MOT Scale-up Architecture

MOT Scale-up Architecture
To scale up means to add additional cores to the same machine in order to add computing power. To scale up refers to the most common traditional form of adding computing power in a machine that has a single pair of controllers and multiple cores. Scale-up architecture is limited by the scalability limits of a machine’s controller.

Technical Requirements
MOT has been designed to achieve the following –

Linear Scale-up – MOT delivers a transactional storage engine that utilizes all the cores of a single NUMA architecture server in order to provide near-linear scale-up performance. This means that MOT is targeted to achieve a direct, near-linear relationship between the quantity of cores in a machine and the multiples of performance increase.

NOTE: The near-linear scale-up results achieved by MOT significantly outperform all other existing solutions, and come as close as possible to achieving optimal results, which are limited by the physical restrictions and limitations of hardware, such as wires.

No Maximum Number of Cores Limitation – MOT does not place any limits on the maximum quantity of cores. This means that MOT is scalable from a single core up to 1,000s of cores, with minimal degradation per additional core, even when crossing NUMA socket boundaries.

Extremely High Transactional Throughout – MOT delivers a transactional storage engine that can achieve extremely high transactional throughout compared with any other OLTP vendor on the market.

Extremely Low Transactional Latency – MOT delivers a transactional storage engine that can reach extremely low transactional latency compared with any other OLTP vendor on the market.

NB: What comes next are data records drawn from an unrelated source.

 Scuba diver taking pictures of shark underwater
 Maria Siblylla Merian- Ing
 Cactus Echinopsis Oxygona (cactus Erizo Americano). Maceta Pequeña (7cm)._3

Seamless Integration and Leveraging with/of openGauss – MOT integrates its transactional engine in a standard and seamless manner with the openGauss product. In this way, MOT reuses maximum functionality from the openGauss layers that are situated on top of its transactional storage engine.

Design Principles
To achieve the requirements described above (especially in an environment with many-cores), our storage engine's architecture implements the following techniques and strategies –

Data and indexes only reside in memory.
Data and indexes are not laid out with physical partitions (because these might achieve lower performance for certain types of applications).
Transaction concurrency control is based on Optimistic Concurrency Control (OCC) without any centralized contention points. See the MOT Concurrency Control Mechanism section for more information about OCC.
Parallel Redo Logs (ultimately per core) are used to efficiently avoid a central locking point.
Indexes are lock-free. See the MOT Indexes section for more information about lock-free indexes.
NUMA-awareness memory allocation is used to avoid cross-socket access, especially for session lifecycle objects. See the NUMA Awareness Allocation and Affinity section for more information about NUMA‑awareness.
A customized MOT memory management allocator with pre-cached object pools is used to avoid expensive runtime allocation and extra points of contention. This dedicated MOT memory allocator makes memory allocation more efficient by pre‑accessing relatively large chunks of memory from the operation system as needed and then divvying it out to the MOT as needed.
Integration using Foreign Data Wrappers (FDW)
MOT complies with and leverages openGauss's standard extensibility mechanism – Foreign Data Wrapper (FDW), as shown in the following diagram.

The PostgreSQL Foreign Data Wrapper (FDW) feature enables the creation of foreign tables in an MOT database that are proxies for some other data source, such as Oracle, MySQL, PostgreSQL and so on. When a query is made on a foreign table, the FDW queries the external data source and returns the results, as if they were coming from a table in your database.

openGauss relies on the PostgreSQL Foreign Data Wrappers (FDW) and Index support so that SQL is entirely covered, including stored procedures, user defined functions, system functions calls.

Figure 1 MOT Architecture
mot-architecture

In the diagram above, the MOT engine is represented in green, while the existing openGauss (based on Postgres) components are represented in the top part of this diagram in blue. As you can see, the Foreign Data Wrapper (FDW) mediates between the MOT engine and the openGauss components.

MOT-Related FDW Customizations
Integrating MOT through FDW enables the reuse of the most upper layer openGauss functionality and therefore significantly shortened MOT's time-to-market without compromising SQL coverage.

However, the original FDW mechanism in openGauss was not designed for storage engine extensions, and therefore lacks the following essential functionalities –

Index awareness of foreign tables to be calculated in the query planning phase
Complete DDL interfaces
Complete transaction lifecycle interfaces
Checkpoint interfaces
Redo Log interface
Recovery interfaces
Vacuum interfaces
In order to support all the missing functionalities, the SQL layer and FDW interface layer were extended to provide the necessary infrastructure in order to enable the plugging in of the MOT transactional storage engine.

Result – Linear Scale-up
The following shows the results achieved by the MOT design principles and implementation described above.

To the best of our knowledge, MOT outperforms all existing industry-grade OLTP databases in transactional throughput of ACID-compliant workloads.

openGauss and MOT have been tested on the following many-core systems with excellent performance scalability results. The tests were performed both on x86 Intel-based and ARM/Kunpeng-based many-core servers. You may refer to the MOT Performance Benchmarks section for more detailed performance review.

Our TPC-C benchmark dated June 2020 tested an openGauss MOT database on a Taishan 2480 server. A 4-socket ARM/Kunpeng server, achieved throughput of 4.8 M tpmC. The following graph shows the near-linear nature of the results, meaning that it shows a significant increase in performance correlating to the increase of the quantity of cores –

Figure 2 TPC-C on ARM (256 Cores)

The following is an additional example that shows a test on an x86-based server also showing CPU utilization.

Figure 3 tpmC vs CPU Usage

The chart shows that MOT demonstrates a significant performance increase correlation with an increase of the quantity of cores. MOT consumes more and more of the CPU correlating to the increase of the quantity of cores. Other industry solutions do not increase and sometimes show slightly degraded performance, which is a well-known problem in the database industry that affects customers’ CAPEX and OPEX expenses and operational efficiency.